# Problem description:
In the listing that follows, print every line exactly and leave the images out.

# Stored data:
---------------
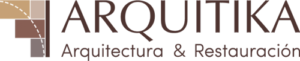 LOGO_Arquitika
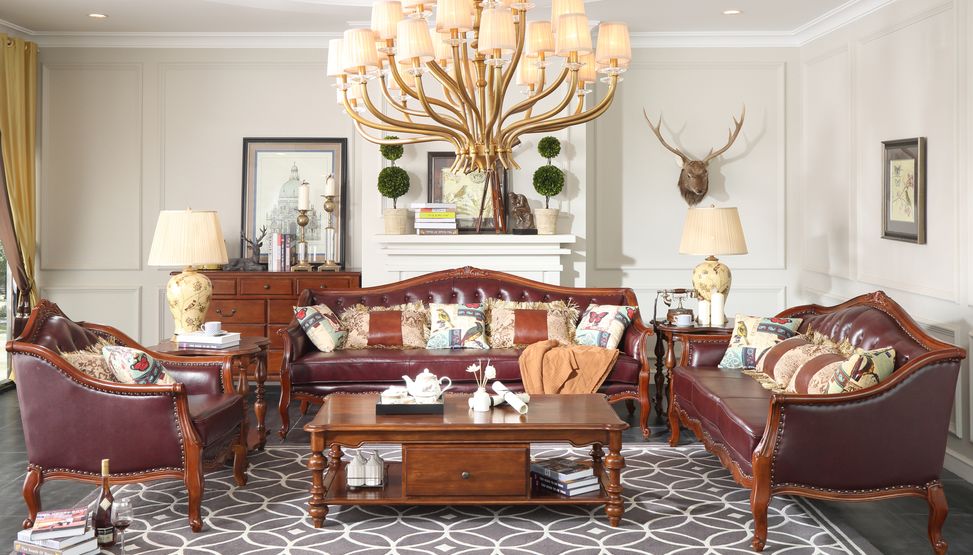 台升家具厂清仓,台升家具厂家清仓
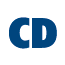 China Daily 图标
---------------
# Result of the exercise:
 LOGO_Arquitika
 台升家具厂清仓,台升家具厂家清仓
 China Daily 图标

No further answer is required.